The petition notes that for nearly a decade “LGBTQ and allied students have worked tirelessly, organizing among themselves, working with faculty and preparing drafts of charters and applications, only to be turned down repeatedly.” As a result, these “students are not able to obtain campus spaces to host events or to apply for funding through the student government allocation fund.”
Almost simultaneously with presentation of the letter of petition to President Livingstone, the Baylor Student government passed a bill supportive of the inclusion of LGBTQ student organizations on campus.
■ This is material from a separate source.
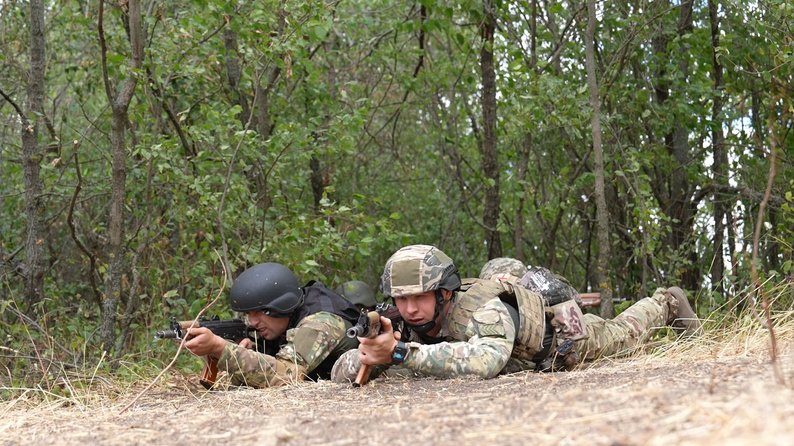 Військова підготовка для поліцейських: як тренують запорізьких правоохоронців бійці бригади НГУ "Кара-Даг"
I genuinely wish I knew what to say to encourage those who oppose gay rights to at least rethink their opposition. In considering this issue as a moral one, it is crucial to try to see matters from the perspective of the other. In some ways it sounds like such a cliché to appeal to the golden rule, but as Barbara Brown Taylor, Episcopal priest and among the most widely read Christian writers today, points out, some form of the golden rule is the moral heart of all major religious traditions. Judaism: “Hurt not others in ways that you yourself would find hurtful.” Islam: “None of you is a believer until you love for [the other] what you love for yourself.” Hinduism: “This is the sum of duty: Do not do to others what would cause pain if done to you.” And, of course, there is the Christian tenet: “Do to others as you would have them do to you.”
In my classes when the issue of gay rights was discussed, heterosexual students would often say things like: I certainly do not recall ever choosing to be heterosexual. I never thought to myself, I believe I will be attracted to members of the opposite sex. No heterosexual ever said, I remember the time and place when I chose my sexual orientation. For heterosexuals, it is a discovery, not a choice, a realization, not a decision. Surely, the same is true for gays and lesbians.
The moral heart of the matter, then, is putting oneself in the place of the other. Sexuality is a fundamental dimension of who we are. What would it be like to have the essence of one’s sexuality described as immoral? What would it be like to try to live one’s life without sexual intimacy as those who oppose gay rights argue that gays should do?
Time and again, I recall American historian Doris Kearns Goodwin’s book “Team of Rivals” describing Abraham Lincoln as “possessing extraordinary empathy, the gift . . . of putting himself in the place of another, to experience what they were feeling, to understand their motives and desires.” This capacity to feel with the other is the foundation of movements for justice throughout time and place. It should empower concern for justice for gays and lesbians.
Eventually, the arc of justice will land at Baylor with regard to this matter. The LGBTQ community will be recognized and valued. Would that it came sooner rather than later, just as we now look back and wish Baylor had pursued racial justice sooner than it did.
The Baptist minister, Mississippi author and civil rights leader Will Campbell, in a presentation at Baylor years ago, said there would come a time when we Baptists would apologize for how we treated homosexuals as we now apologize for how we once treated blacks. Surely this is so.